If we look at the stations with the most busts in the 2016 CQ WW CW contest, using the normal formula for calculating the percentage of busts, we find:

2016 CW -- Most Busts
Position Call QSOs Busts % Busts
1 PV8ADI 2,057 217 10.5
2 TK0C 12,521 171 1.4
3 LU2WA 2,048 169 8.3
4 TM1A 6,255 156 2.5
5 HG5F 3,062 147 4.8
6 HK1NA 14,037 145 1.0
7 CN2R 12,351 137 1.1
8 LZ9W 10,613136 1.3
9 PI4CC 7,736 119 1.5
10 NP2P 3,842 116 3.0

Using the revised formula, this becomes:

2016 CW -- Most Busts
Position Call Verified QSOs Busts % Busts
1 PV8ADI 1,666 217 13.0
2 TK0C 9,664 171 1.8
3 LU2WA 1,596 169 10.6
4 TM1A 5,307 156 2.9
5 HG5F 2,638 147 5.6
6 HK1NA 10,108 145 1.4
7 CN2R 9,544 137 1.4
8 LZ9W 8,946136 1.5
9 PI4CC 6,706 119 1.8
10 NP2P 3,162 116 3.7

2. Allowing for sampling distortions


The second issue with the normal calculation is more subtle, and is perhaps most easily seen with an example. In order to make the problem clearer, we will use an extreme example, but it should readily be seen that the problem exists to a lesser degree when the situation is less extreme.

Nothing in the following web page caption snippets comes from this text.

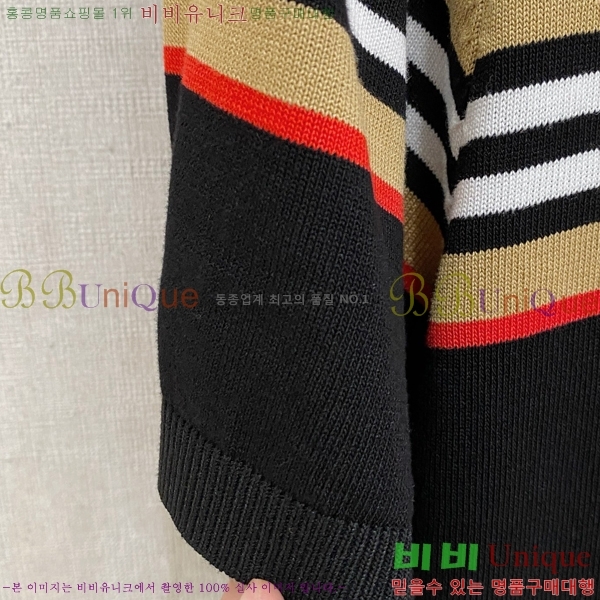 ���� ������ ���� Ƽ���� B864986-2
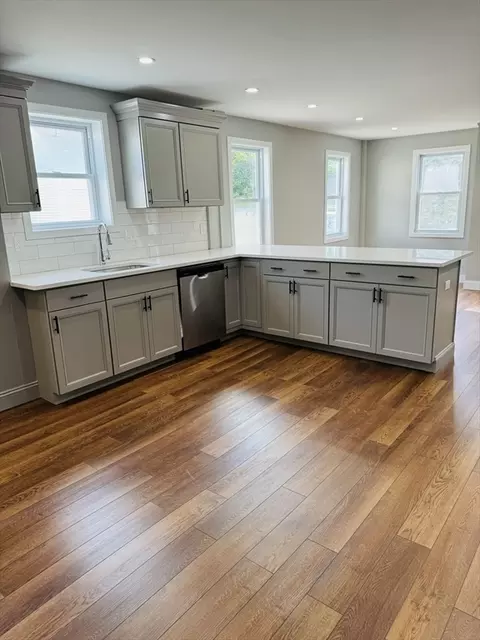 403 1-4 Ne Main St, Douglas, MA 01516 photo 12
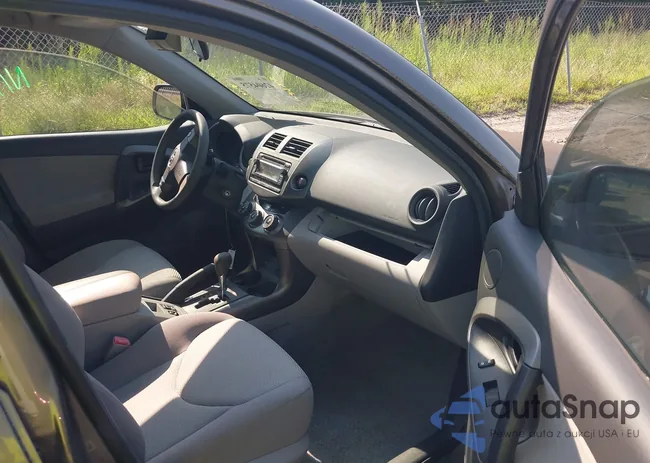 2T3ZF4DV5CW127393: 42604575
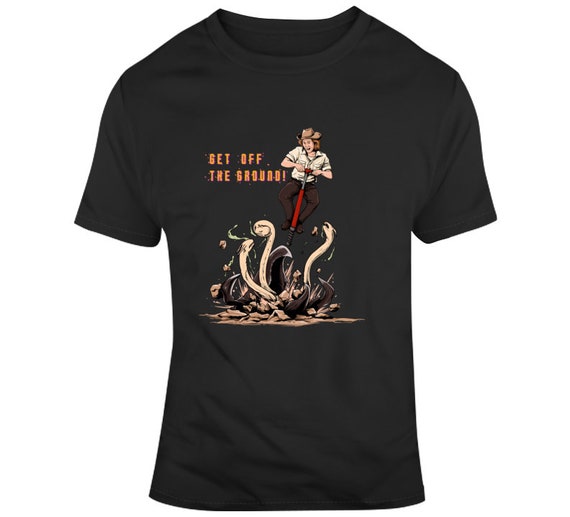 blusa tie dye pastel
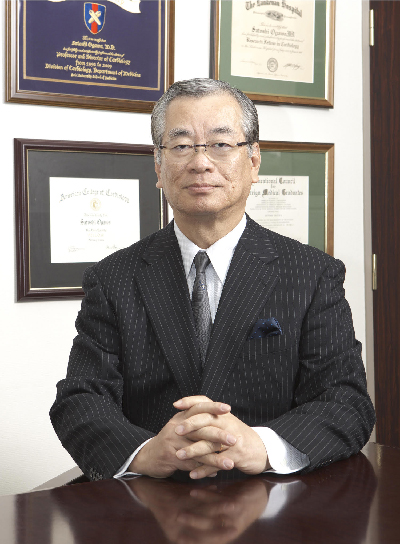 president_Ogawa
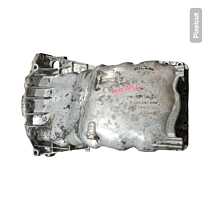 Baie Ulei Audi A4 B5 1.6 i AHL 1997 - 2001 Cod 06B103603G [M9386]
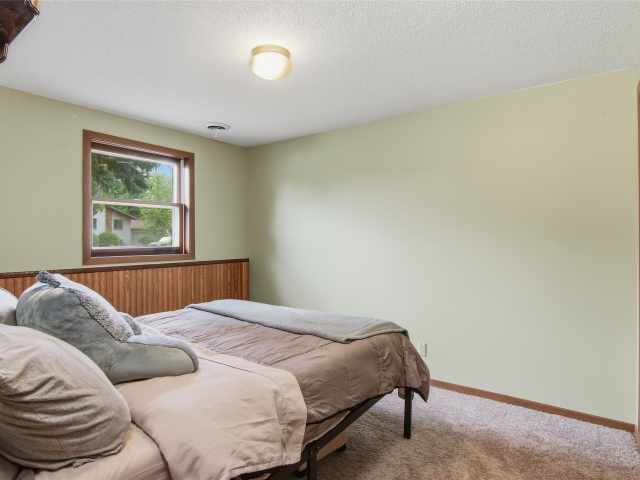 Mondovi Residential Real Estate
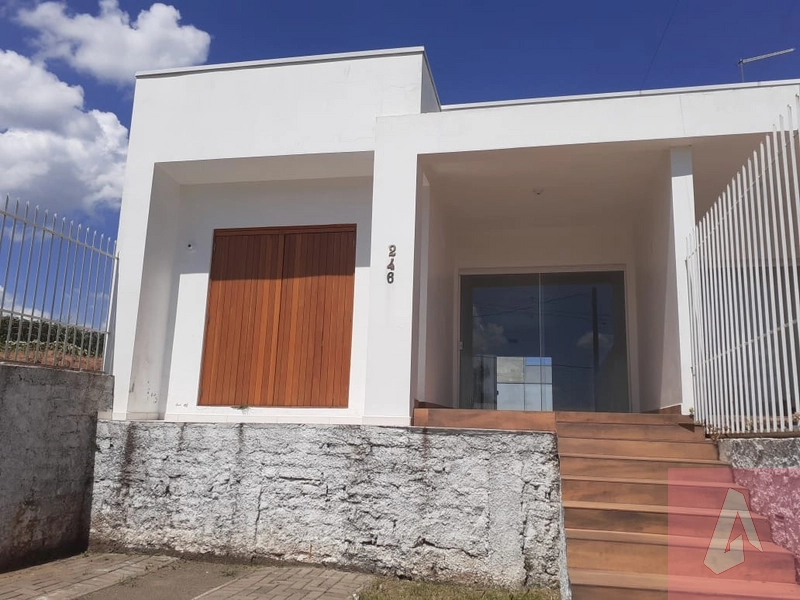 : 2ª foto da galeria de imagens do imóvel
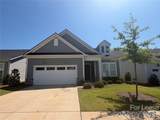 8016 Brookbank Drive - Photo 1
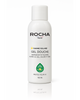 Gel Douche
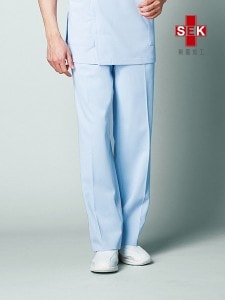 ��WHISeL�� WH10916 ��󥺥ġ����å��ѥ��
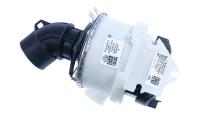 BEKO/GRUNDIG/ARCELIK Pompes de cyclage                                            C00869663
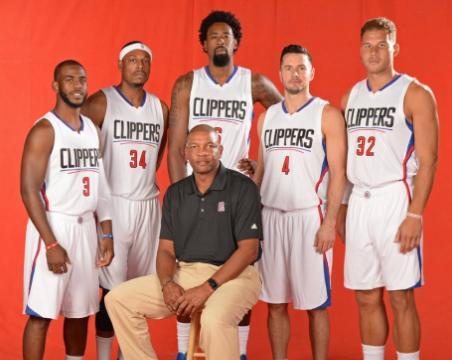 高开低走 高开低走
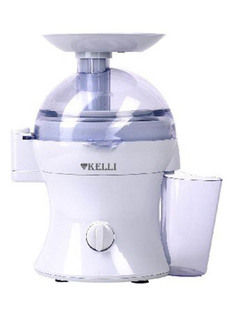 Соковыжималка Kelli KL-5087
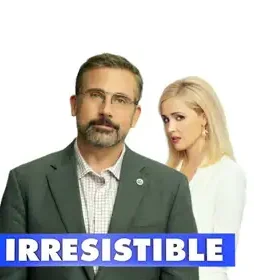 1500x500 1500x500 - DesireMovies, DesireMovies2.My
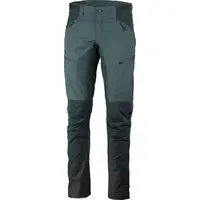 Lundhags Walking Trousers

Suppose we have two stations, the first of which makes 100 verified QSOs and busts no calls. Obviously, his verified bust rate is 0%. Now suppose that the second station makes 1,000 verified QSOs and also busts no calls. The problem now should be obvious: both stations have the same bust rate, and yet it is clear that the second operator is almost certainly better at copying than the first. We need a way to deal with this kind of situation.

The solution is to realise what we are trying to calculate, and how it relates to the data available to us. The real goal of calculating the bust percentage is to produce a measurement (or, rather, an estimate) of the rate at which an operator makes mistakes in copying calls.

So we make the simplifying assumption that each operator has a probability $p_n$ of busting a single call (if you think about it, this is not quite as silly as it might seem, since although the value of $p$ will doubtless vary under different reception conditions even for a single operator, all those variations can be taken into account by changing the meaning of $p$ so that it is a kind of mean value that reflects the conditions prevailing at the operator's location; this adjustment will vary from location to location, but that does not really matter, since we aren't trying to estimate some kind of ideal bust rate for a perfect location, but, rather, the bust rate that actually prevails for each operator at that operator's location). Now we can easily analyse how to compare the accuracy of competing operators.

Suppose that an operator has a probability $p_B$ of busting a call (and, hence, a probability $q = (1 - p_B)$ of copying a call correctly). Now if the operator makes $N_V$ verified QSOs, then the probability of there being a particular number of busts $B$ is given by the binomial distribution:

$$ {N_V \choose B} (p_B)^B (q^{(N_V - B)}) $$

where:

$$ {N_V \choose B} = { {N_V}! \over {B!(N_V-B)!} }$$

Call the actual number of busts $B_V$; then we have:

$$ \rm prob(B_V) = {N_V \choose B_V} (p_{B_V})^{B_V} (q^{(N_V - B_V)}) $$

Now, since we know that $B_V$ busts were measured out of a total of $N_V$ QSOs, we can determine what the distribution of $p_{B_V}$ looks like. 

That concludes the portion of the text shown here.